- RECORDS FOR PROCESSING:
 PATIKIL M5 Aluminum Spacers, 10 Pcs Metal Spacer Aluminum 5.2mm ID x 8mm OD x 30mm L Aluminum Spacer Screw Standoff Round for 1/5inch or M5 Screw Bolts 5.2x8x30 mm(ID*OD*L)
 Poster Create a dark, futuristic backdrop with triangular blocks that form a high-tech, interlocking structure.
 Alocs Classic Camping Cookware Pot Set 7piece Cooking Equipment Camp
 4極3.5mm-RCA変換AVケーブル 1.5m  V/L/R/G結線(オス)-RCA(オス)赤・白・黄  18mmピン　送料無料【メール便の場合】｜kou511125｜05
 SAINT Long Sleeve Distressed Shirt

==

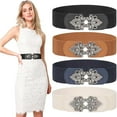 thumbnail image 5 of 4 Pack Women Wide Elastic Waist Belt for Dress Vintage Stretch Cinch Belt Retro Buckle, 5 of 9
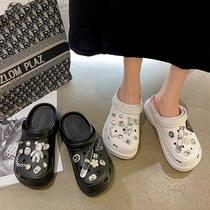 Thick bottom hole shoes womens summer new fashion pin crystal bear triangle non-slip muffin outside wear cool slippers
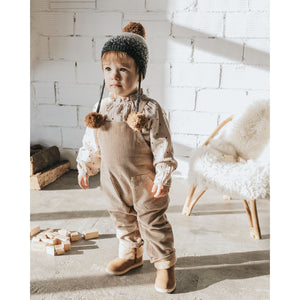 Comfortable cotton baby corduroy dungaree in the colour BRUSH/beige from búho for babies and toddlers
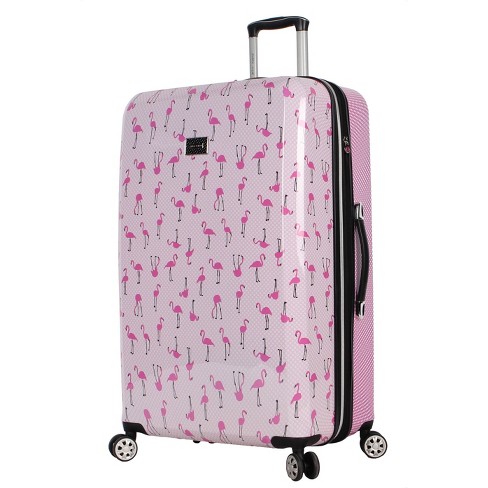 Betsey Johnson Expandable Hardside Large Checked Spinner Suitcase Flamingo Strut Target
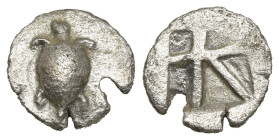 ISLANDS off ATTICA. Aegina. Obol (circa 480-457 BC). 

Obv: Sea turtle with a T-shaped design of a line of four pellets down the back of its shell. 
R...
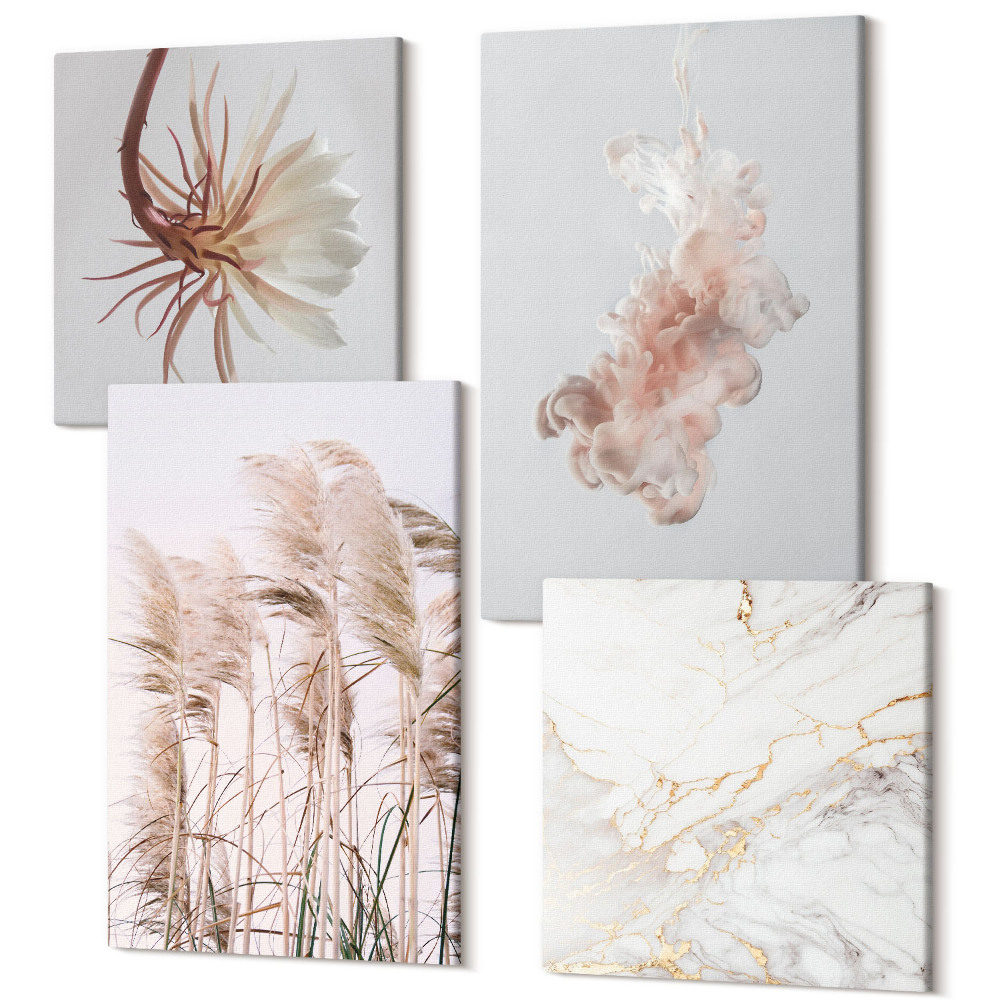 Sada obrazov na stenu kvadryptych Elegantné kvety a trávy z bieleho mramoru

- THE PROBLEM: Out of the records above, please copy exactly the lines from the line with "Betsey Johnson Expandable" up to and including the line with "Sada obrazov na", minus the pictures.

- OUTPUT FOR THIS TASK:
 Betsey Johnson Expandable Hardside Large Checked Spinner Suitcase Flamingo Strut Target
 ISLANDS off ATTICA. Aegina. Obol (circa 480-457 BC). 

Obv: Sea turtle with a T-shaped design of a line of four pellets down the back of its shell. 
R...
 Sada obrazov na stenu kvadryptych Elegantné kvety a trávy z bieleho mramoru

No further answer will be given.